I'm leaping in here as a cognitive neuroscientist, so I have some familiarity with the topic but I don't normally work on either brain structure or sex/gender
First, the journal is not Nature (the high profile one), this is Nature Scientific Reports which publishes anything that passes a basic threshold of being OK. So all sorts of stuff.
Second, the sample size (n=20 cisfemale, n=20cismale) etc is VERY small. most studies that look for sex differences should have sample sizes around n=100 per group, but I guess that is hard to find for trans samples. But it does mean that any conclusions may be unreliable. For example, the study showing no clear male/female brain differences had n=700 scans per group in the dataset (doi.org/10.1073/pnas.1509654112). When scientists report results on small sample sizes, we should always be very cautious.

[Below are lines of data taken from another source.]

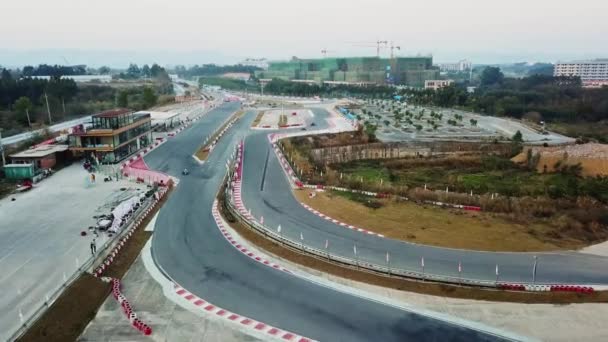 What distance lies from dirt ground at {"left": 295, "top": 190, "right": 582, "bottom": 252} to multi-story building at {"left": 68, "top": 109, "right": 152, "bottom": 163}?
20.6 metres

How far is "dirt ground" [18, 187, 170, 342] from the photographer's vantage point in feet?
44.9

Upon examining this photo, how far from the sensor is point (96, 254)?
19406mm

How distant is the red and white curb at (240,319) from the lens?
45.1 feet

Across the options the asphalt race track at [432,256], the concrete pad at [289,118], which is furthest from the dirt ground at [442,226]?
the concrete pad at [289,118]

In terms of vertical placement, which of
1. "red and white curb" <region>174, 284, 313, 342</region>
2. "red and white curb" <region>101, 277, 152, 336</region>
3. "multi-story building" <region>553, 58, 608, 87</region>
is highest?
"multi-story building" <region>553, 58, 608, 87</region>

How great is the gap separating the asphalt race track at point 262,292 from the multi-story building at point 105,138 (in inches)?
543

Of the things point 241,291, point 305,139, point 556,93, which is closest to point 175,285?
point 241,291

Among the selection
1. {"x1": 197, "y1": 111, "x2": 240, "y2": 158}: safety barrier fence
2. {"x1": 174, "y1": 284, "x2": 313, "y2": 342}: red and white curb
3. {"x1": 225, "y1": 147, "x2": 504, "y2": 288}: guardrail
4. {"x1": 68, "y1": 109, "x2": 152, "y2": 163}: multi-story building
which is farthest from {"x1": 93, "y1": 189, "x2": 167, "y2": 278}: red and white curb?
{"x1": 197, "y1": 111, "x2": 240, "y2": 158}: safety barrier fence

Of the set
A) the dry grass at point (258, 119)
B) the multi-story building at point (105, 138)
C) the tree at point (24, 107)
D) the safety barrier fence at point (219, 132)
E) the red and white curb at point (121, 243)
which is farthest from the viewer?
the dry grass at point (258, 119)

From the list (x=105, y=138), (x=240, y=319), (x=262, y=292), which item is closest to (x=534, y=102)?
(x=105, y=138)

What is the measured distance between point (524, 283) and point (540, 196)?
12.2 meters

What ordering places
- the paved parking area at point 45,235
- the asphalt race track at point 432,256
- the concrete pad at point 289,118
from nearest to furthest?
the paved parking area at point 45,235
the asphalt race track at point 432,256
the concrete pad at point 289,118

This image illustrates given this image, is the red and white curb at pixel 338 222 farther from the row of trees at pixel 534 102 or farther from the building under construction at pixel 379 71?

Third, the whole-brain results show that transwomen are different to the ciswomen but not different to the cismen (the statistics don't allow you to say they are the same as cismen, but that is possible). A second analysis suggests that the insula is different in ciswomen compared to both hormone-naive and hormone-treated transwomen. The insula is commonly associated with interoception (feeling your body from the inside, ie, am I hungry, tired, aches & pains etc). None of the analyses suggest that transwomen are different to cismen, nor that transwomen are the same as ciswomen. But they also don't report any differences between cismen and ciswomen, so no general brain gender effects.
So overall, I don't think this study tell us much, and certainly I wouldn't take it as support for either gender-in-the-brain or something special about the brain in transwomen.